PROBLEM REQUIREMENTS |
Please return the lines below verbatim, beginning at the one that has "[下载][章氏家乘]章合_祀事堂_民国8年1919_章氏家乘_二二.pdf" and stopping after the one that has "Купить диплом инженера-механика", and add no other lines.

RECORDS SUPPLIED |
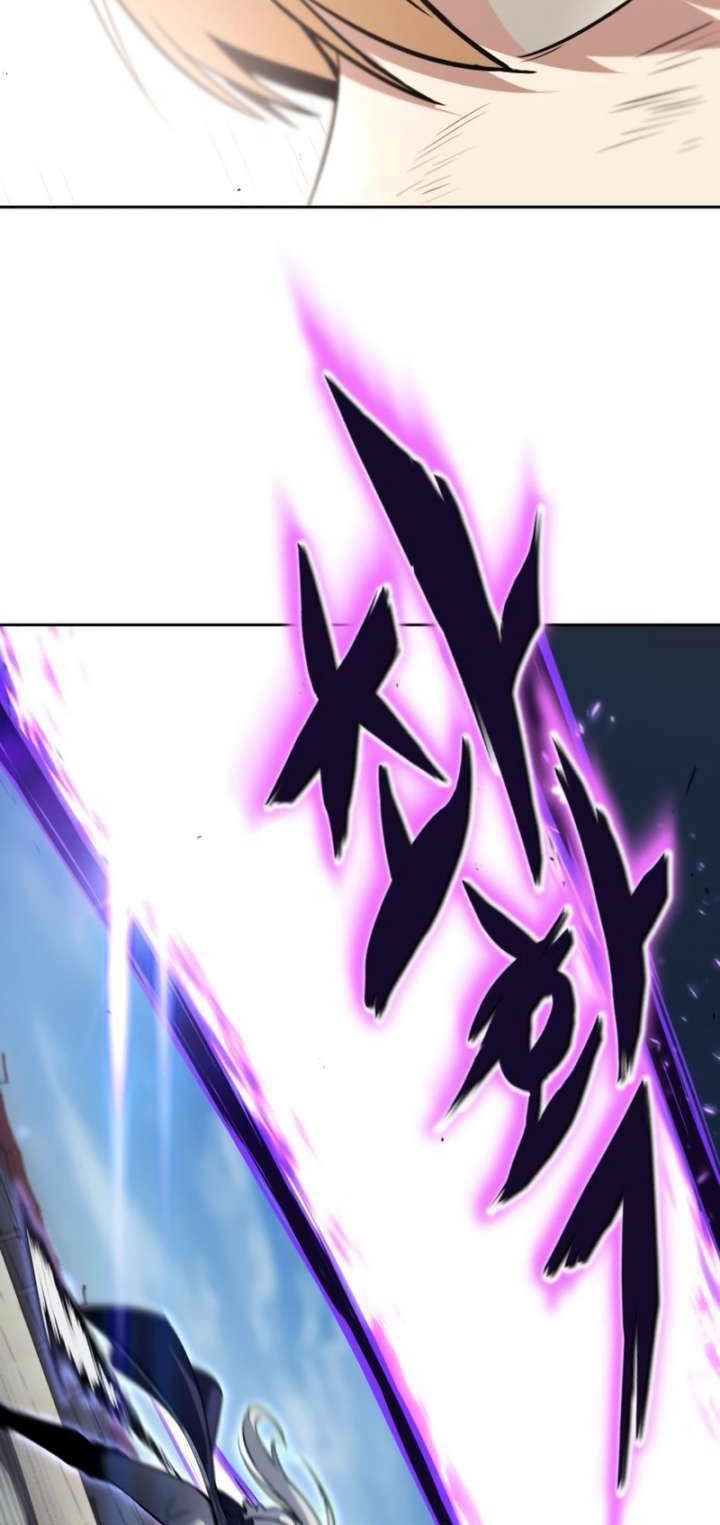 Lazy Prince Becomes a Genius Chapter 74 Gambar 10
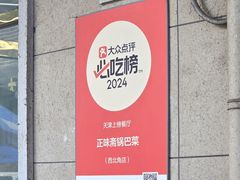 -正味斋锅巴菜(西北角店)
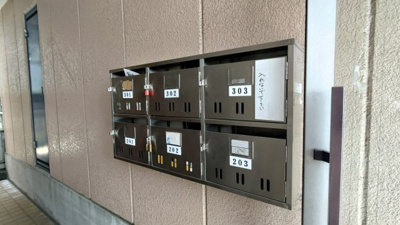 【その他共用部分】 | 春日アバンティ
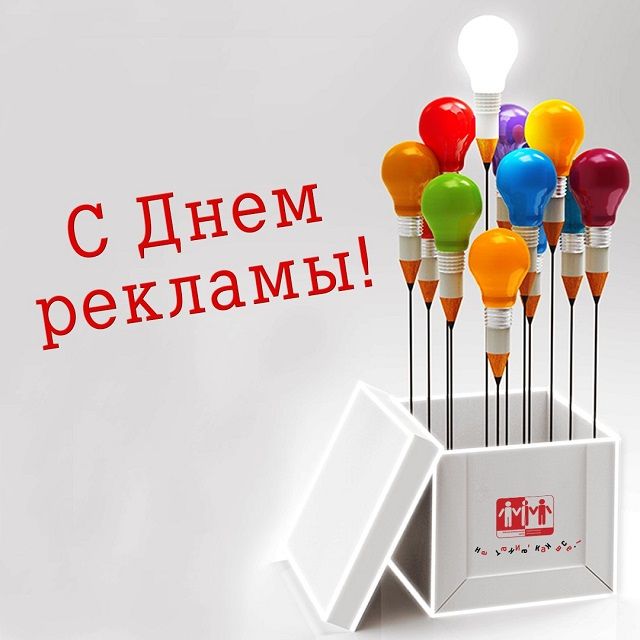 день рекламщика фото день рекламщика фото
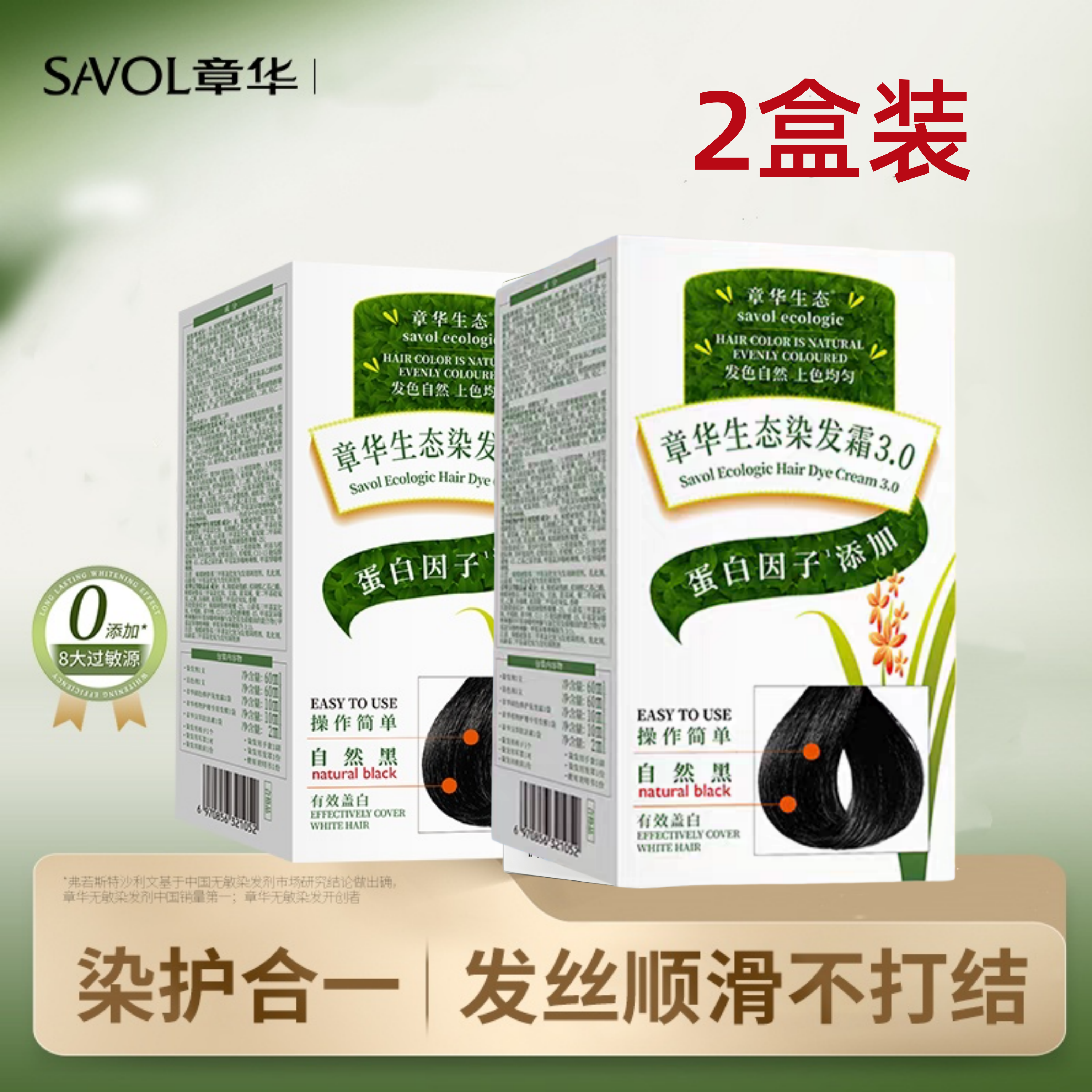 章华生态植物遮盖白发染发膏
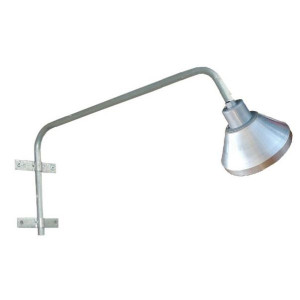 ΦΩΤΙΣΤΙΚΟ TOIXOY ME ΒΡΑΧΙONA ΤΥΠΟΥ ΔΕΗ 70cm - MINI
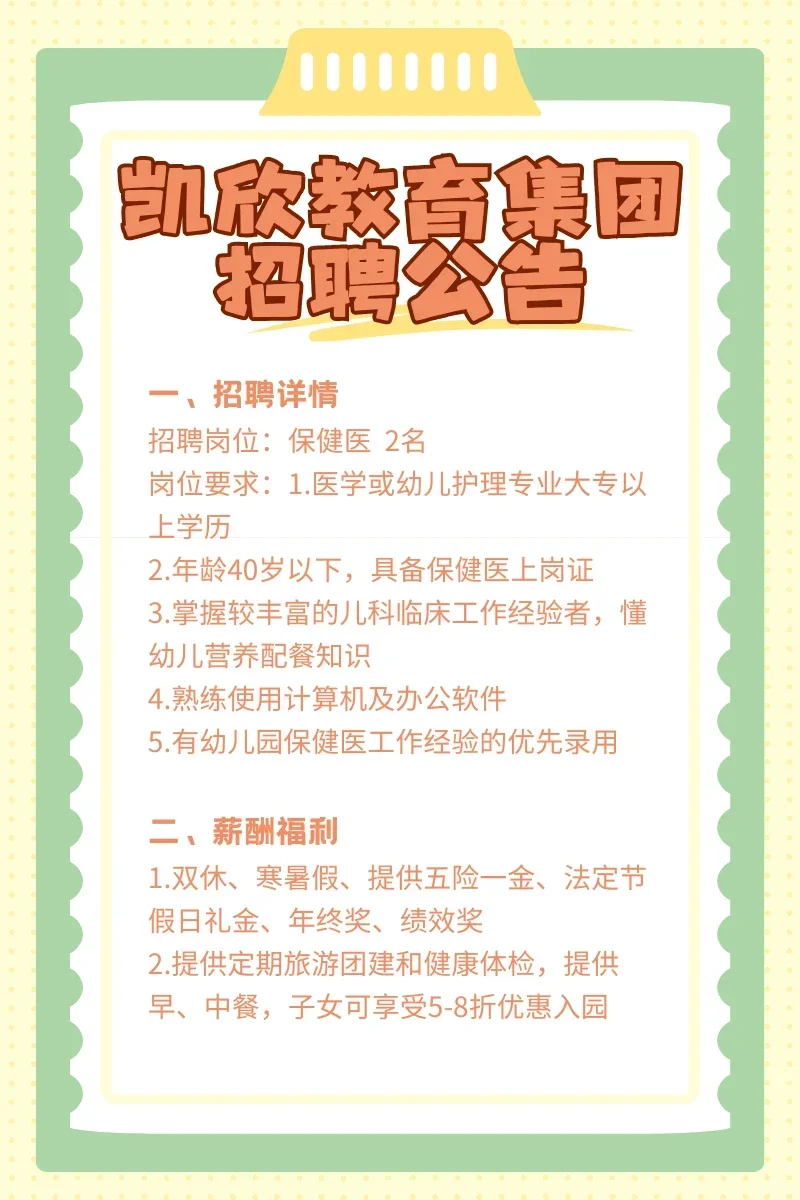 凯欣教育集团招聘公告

...

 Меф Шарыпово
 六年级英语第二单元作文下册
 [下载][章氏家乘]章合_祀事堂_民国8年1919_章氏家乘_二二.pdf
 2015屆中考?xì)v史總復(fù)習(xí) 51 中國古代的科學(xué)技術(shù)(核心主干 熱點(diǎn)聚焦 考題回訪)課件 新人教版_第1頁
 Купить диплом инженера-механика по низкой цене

SOLUTION BELOW |
 [下载][章氏家乘]章合_祀事堂_民国8年1919_章氏家乘_二二.pdf
 2015屆中考?xì)v史總復(fù)習(xí) 51 中國古代的科學(xué)技術(shù)(核心主干 熱點(diǎn)聚焦 考題回訪)課件 新人教版_第1頁
 Купить диплом инженера-механика по низкой цене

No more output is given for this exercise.